Por
Tiago Barbosa Mafra
Nesse
momento crucial da história, marcado pelo fundamentalismo do pensamento único e
pelo endeusamento das verdades individuais, é perceptível a difusão de
questionamentos e diversidade de reivindicações colocadas para o debate pela
população.
Há uma
gama de especificidades, de grandes grupos que buscam espaço, reconhecimento,
respeito, ao mesmo tempo em que muitos que vão às ruas sem saber ao menos o
porquê, apenas por modismo.
Há
também temas gerais, que aparentemente unem em torno de si a pauta de reivindicações,
como a mobilidade urbana; a reforma agrária; a educação e a saúde. Nessa
miríade surgem os mais diversos seguimentos organizados: jovens; mulheres;
negros, indígenas; portadores de necessidades especiais; aposentados; todos
levantando suas bandeiras e cobrando a melhoria nos serviços essenciais
oferecidos pelo Estado. Aí surge um paradoxo, querem um Estado provedor, mas no
mesmo passo cobram menos impostos.
É
inegável a importância da organização social desses grupos para o
fortalecimento da ação popular, da conquista de novos direitos e aprofundamento
dos já conquistados, além, claro, da busca de ocupação de espaços de poder, o
que, por sua vez, esperamos, possa gradativamente desconstruir o discurso
dominante vigente.
Apesar
de toda essa movimentação salutar, um fator cabe ser ressaltado.
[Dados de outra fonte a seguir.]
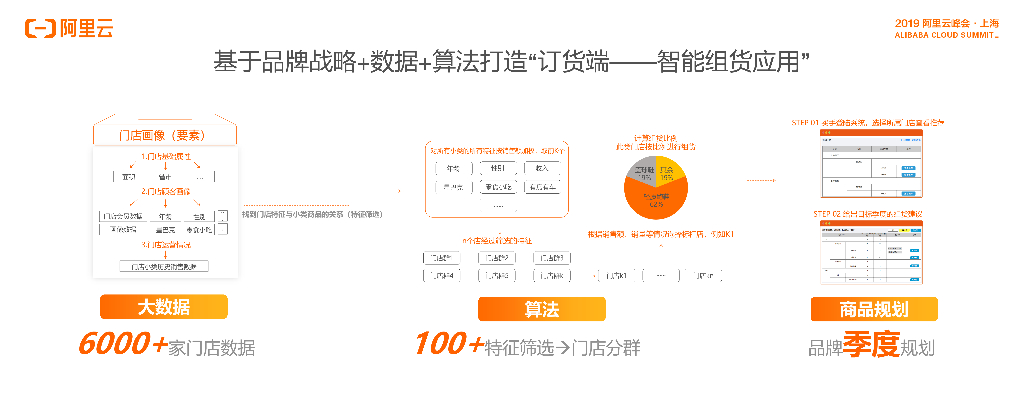 袋鼠云：鞋服行业智能组货联合解决方案_第8页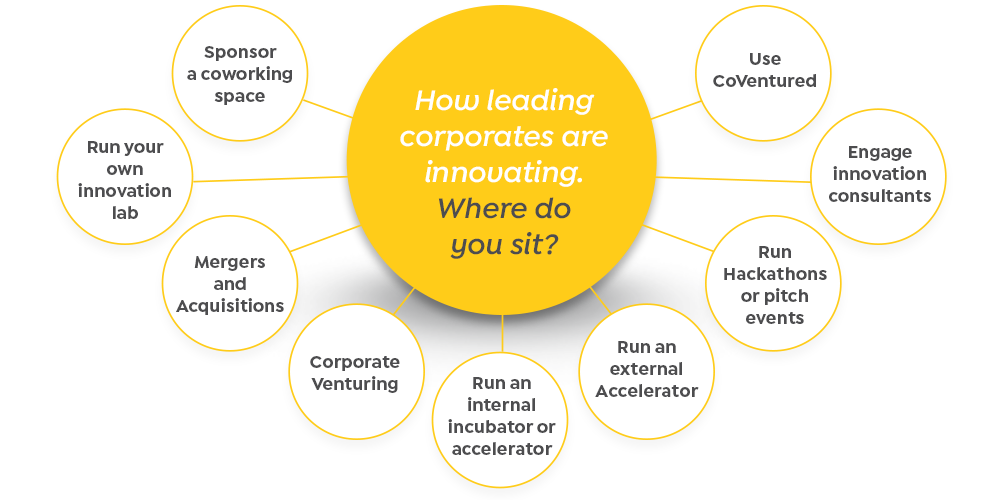 How Leading Corporates are Innovating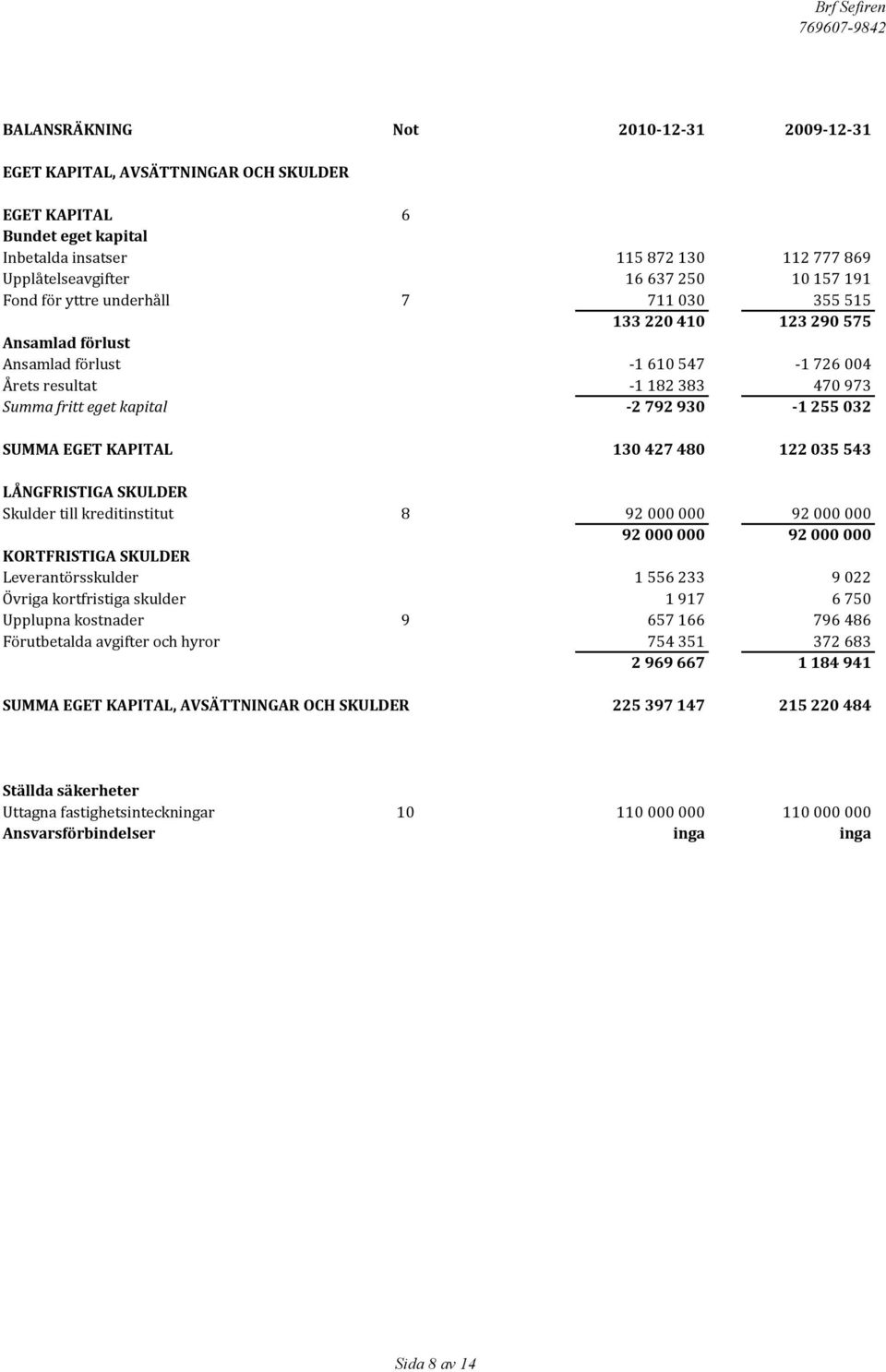 032 SUMMA EGET KAPITAL 130 427 480 122 035 543 LÅNGFRISTIGA SKULDER Skulder till kreditinstitut 8 92 000 000 92 000 000 92 000 000 92 000 000 KORTFRISTIGA SKULDER Leverantörsskulder 1 556 233 9 022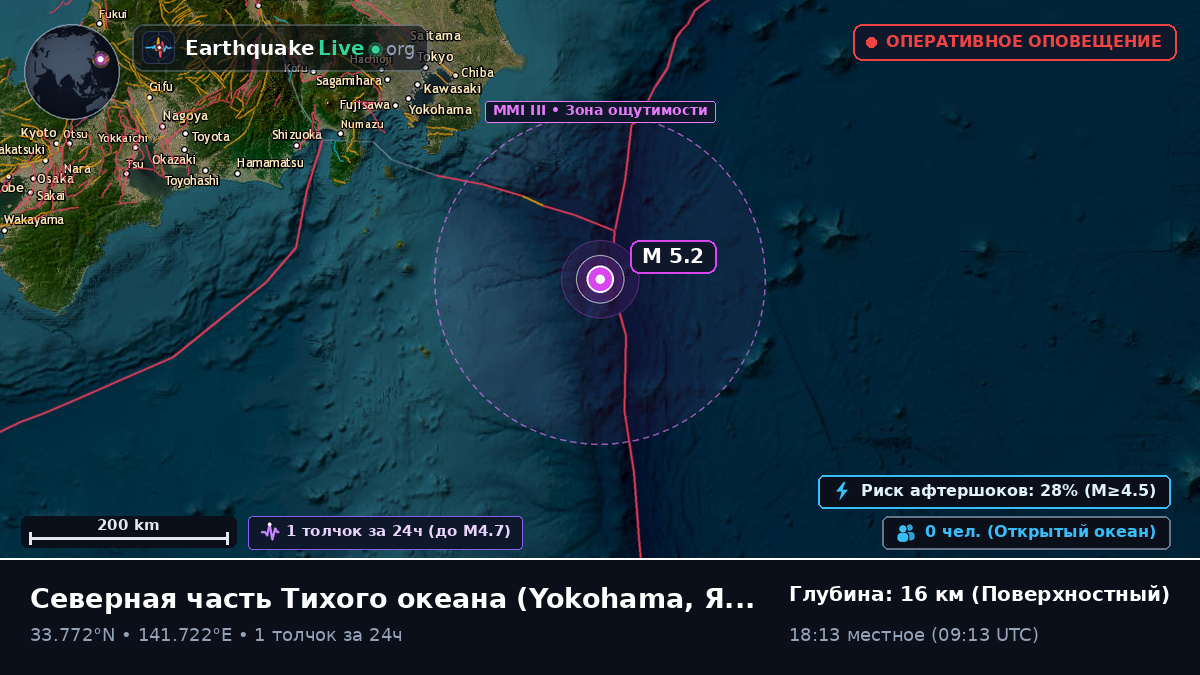 Северная часть Тихого океана (Япония)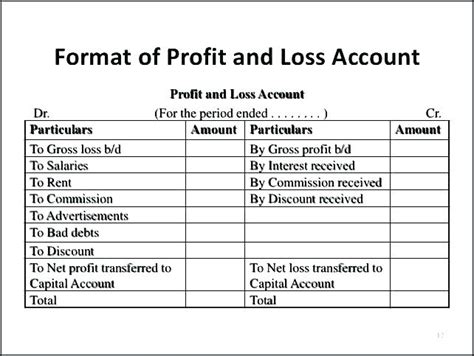 √ Free 4+ Samples of Profit And Loss Account Format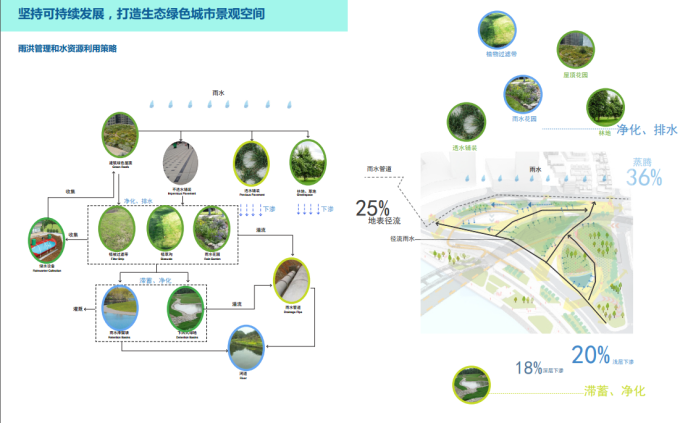 [湖北]“海绵城市”汉派文化核心绿轴生态滨江商业核心区景观设计方案-雨洪管理和水资源利用策略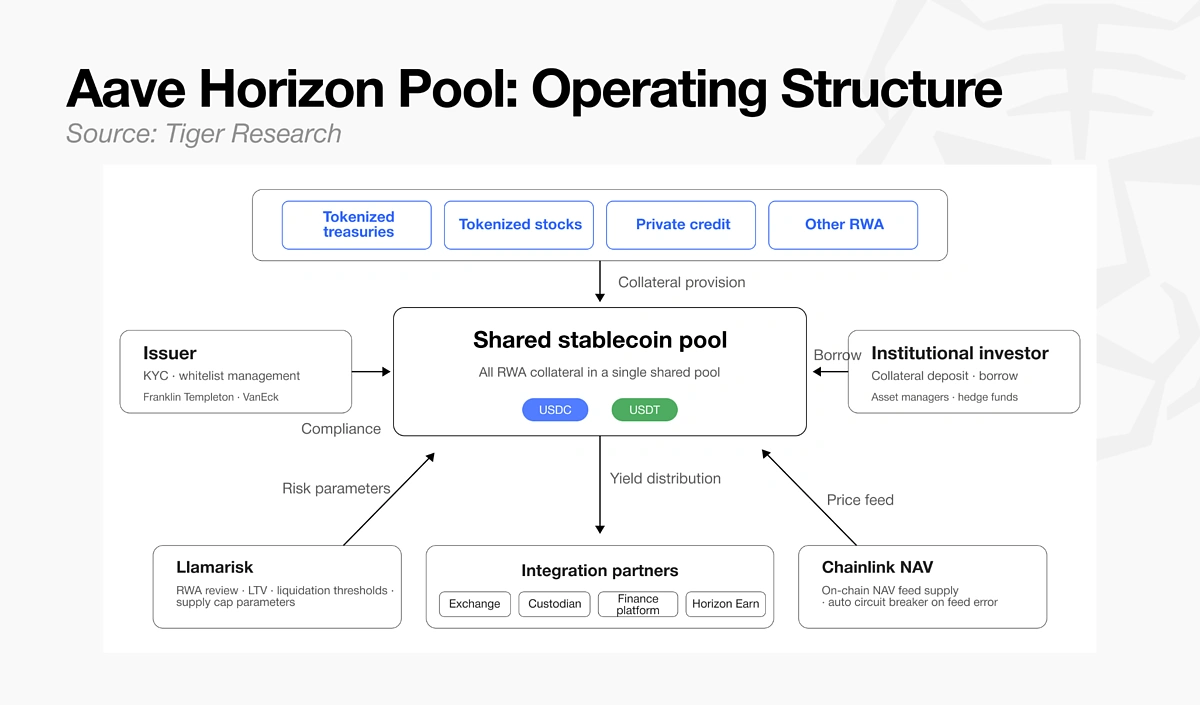 The 2026 DeFi Compliance Horizon: Navigating MiCA, SEC Clarity, and Institutional Adoption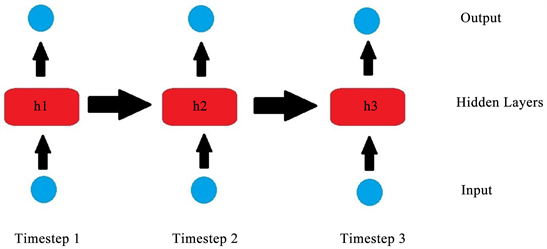 Machine Learning Approaches to Predict Default of Credit Card Clients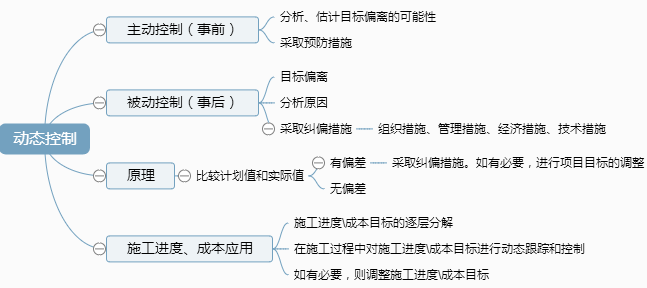 二级建造师施工管理考点分解：施工项目管理目标的动态控制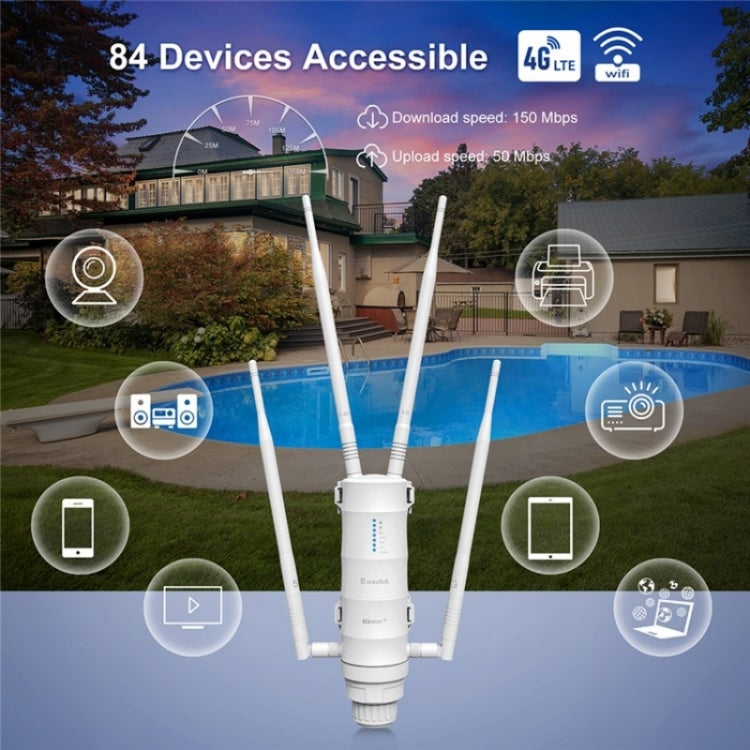WAVLINK WN572HE4D AC1200 4G LTE WiFi Dual Band 4 Detachable Antennas Router, Plug:US Plug - HoMEdemic™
O
aprofundamento e ênfase nas reivindicações particulares de cada grupo – o
chamado movimento altermundista – apesar de serem frutos da mesma estrutura
social, têm contribuído para a pulverização ou mesmo fragmentação das demandas
de forma que acabam não se articulando num todo. Na busca de ocupação de espaço
político, não há articulação entre os diversos grupos envolvidos.
E aí,
vem a indagação: há algum fator realmente unificador?
A
discriminação racial, a exclusão, a exploração, a fome, a miséria, a violência
de gênero, a destruição ambiental, a falta de acessibilidade, a mobilidade
urbana tratada como mercadoria e não como direito, fermentados por história
oficial que exclui o povo de seu enredo são frutos do mesmo gerador: o sistema
sob o qual vivemos.
A raiz
de toda a violência estrutural está no modelo socioeconômico que a cada dia
fomenta imperceptivelmente o ódio contra qualquer discurso que destoe do que
está posto pela estrutura buscando criminalizar movimentos sociais, submetendo
tudo e todos à lógica da exploração do mais fraco pelo mais forte, banalizando
a desigualdade e a violência, mercantilizando a vida e a política, expropriando
as pessoas de sua própria existência.
Frente
a tantas manifestações emergindo de uma sociedade até o momento apática (?), é
de suma importância que as conquistas realizadas ao longo dos últimos anos
sejam compreendidas pelos movimentos sociais. É urgente identificar quem serve
a quem e como cada membro político se posiciona no jogo atual.
Há um
contexto social diferenciado do de 30 anos atrás, uma classe trabalhadora
multifacetada, com demandas diversas, mas que cada qual a seu modo sofre com a
exploração. Retomar a luta de classes como fator unificador é questão
prioritária, afinal, a esquerda não pode deixar que a disposição de tomar as
ruas seja capturada definitivamente pelo discurso de retroação que a direita
quer impor à população através de seus dispositivos midiáticos. É urgente uma
resposta autêntica da esquerda, que politize o debate.
Com a
queda do Muro de Berlim a luta de classes como ponto de partida para reflexão e
ação acabou sendo relegada a segundo plano, todavia a única coisa que agrega
todos, seja mulher, homem, homossexual, indígena, negro, portador de
necessidades especiais, é o fato de que alguém sempre se apropria do fruto do
trabalho destes atores. As violências as quais estão submetidos são o fator
unificador.
O vicio
da fragmentação das demandas sociais é resultado do momento de individualização
extrema pelo qual passa o mundo.
A elite
confrontará as manifestações, buscando trazê-las para si com discursos
travestidos de democráticos e que guardam em seu interior ranços de
patrimonialismo e dominação.
Ou
enfrentamos o desafio de sair do escamoteamento da luta de classes pelas
demandas particulares, ou corremos o risco de ser carregados por um processo de
restauração conservadora. É impossível esquecer que a luta maior, continua a
ser a luta de classes.
Tiago
Barbosa Mafra, é Professor na rede pública e grande companheiro de lutas.